START EXTRACTED MATERIAL
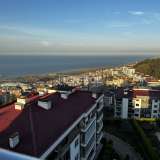  3-Bedroom Apartment in a Complex with Pool in Beşirli Trabzon Merkez 8074207 thumb4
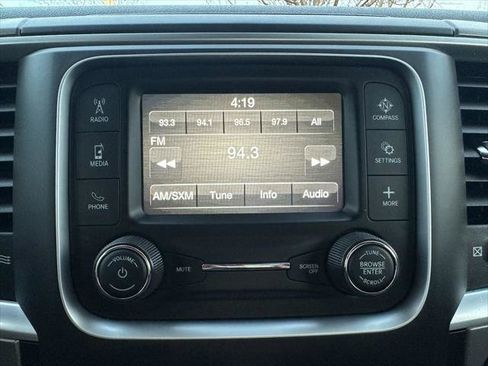 Certified 2022 RAM 1500 Classic Warlock image 3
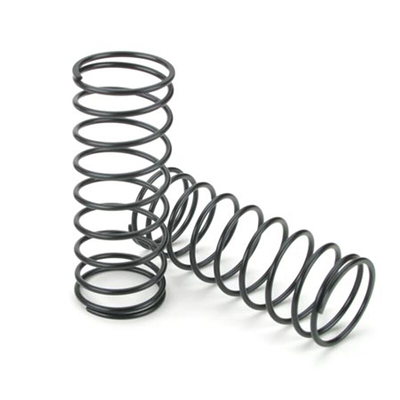 Shock Spring, Black 6.0 (pair): LST/2, XXL/2 Item No. Losi - LOSB2951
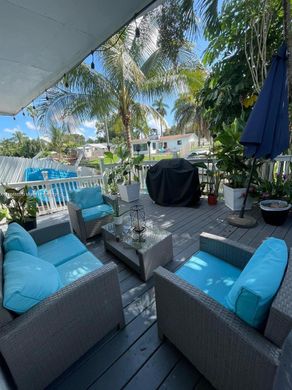 Kamienica w Plantation, Broward County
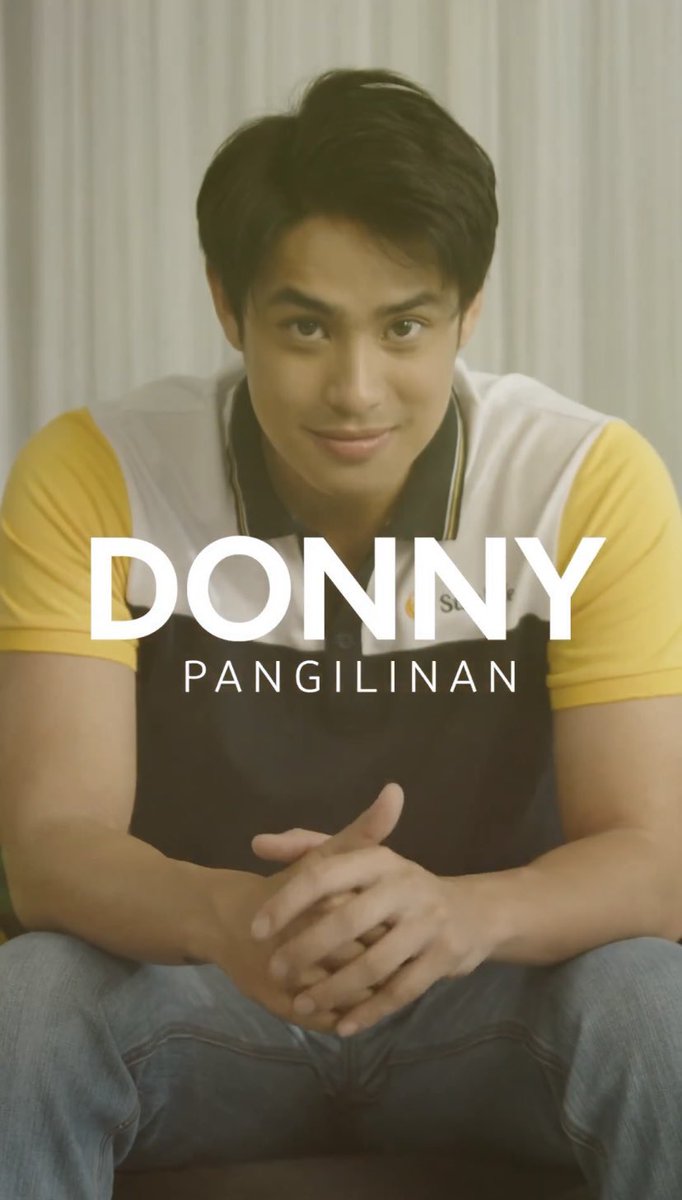 DDREAMERSOFC's tweet photo. Thank you Sun Life Philippines for choosing Donny Pangilinan to be your newest ambassador. 

BrightMoments WithDONNY

#DonnyPartnersWithSunLife #SunLifePartnerForLife #DonnyPangilinan 
@SunLifePH | @donnypangilinan https://t.co/1p8AdMpVwR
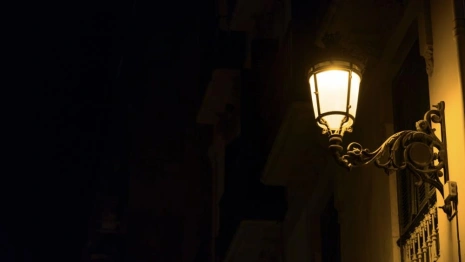 В парке имени 950-летия Суздаля обновят фонари за 15,6 млн рублей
END EXTRACTED MATERIAL
## TASK TO CARRY OUT:
Give back exactly the lines from the line with "Kamienica w Plantation, Broward County" through the final line of the entries above, and keep pictures out of the copy.

## RESULT FOR THIS TASK:
 Kamienica w Plantation, Broward County
 DDREAMERSOFC's tweet photo. Thank you Sun Life Philippines for choosing Donny Pangilinan to be your newest ambassador. 

BrightMoments WithDONNY

#DonnyPartnersWithSunLife #SunLifePartnerForLife #DonnyPangilinan 
@SunLifePH | @donnypangilinan https://t.co/1p8AdMpVwR
 В парке имени 950-летия Суздаля обновят фонари за 15,6 млн рублей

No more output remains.